§ THE PROBLEM
Copy the listing exactly; drop the pictures.

§ INFORMATION PROVIDED
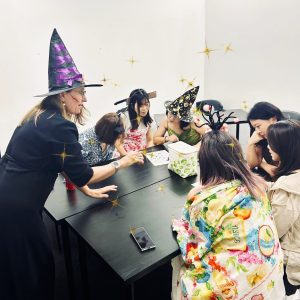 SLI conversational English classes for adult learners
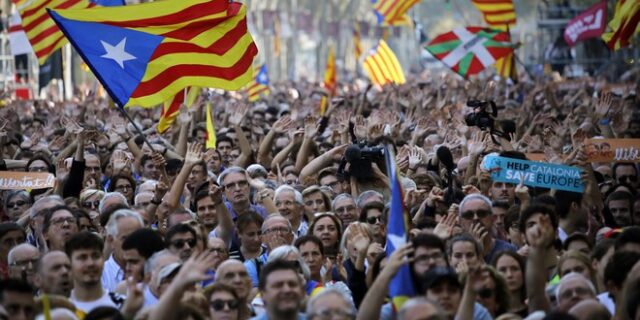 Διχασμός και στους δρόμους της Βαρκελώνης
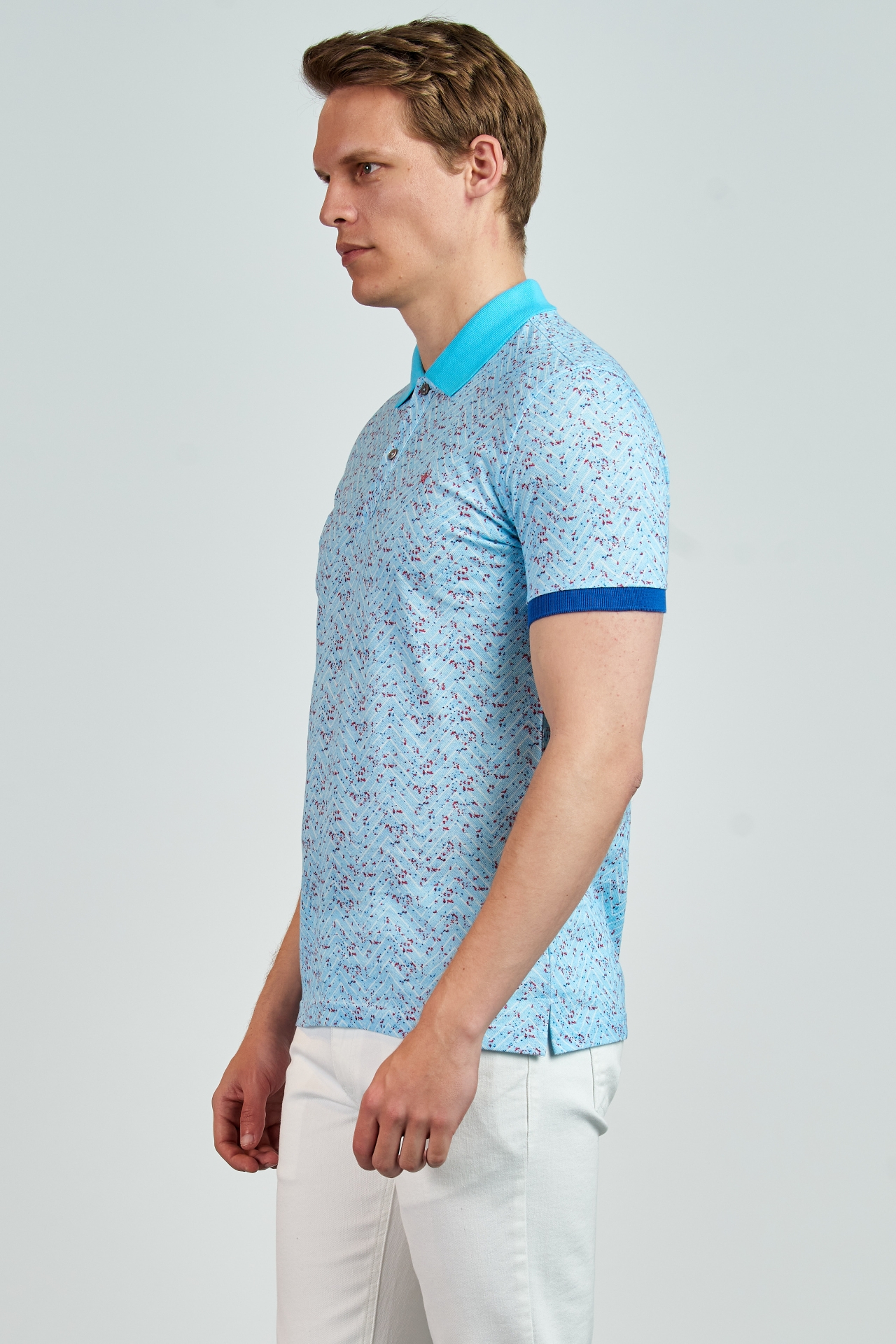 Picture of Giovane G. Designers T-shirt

§ WRITTEN RESPONSE
 SLI conversational English classes for adult learners
 Διχασμός και στους δρόμους της Βαρκελώνης
 Picture of Giovane G. Designers T-shirt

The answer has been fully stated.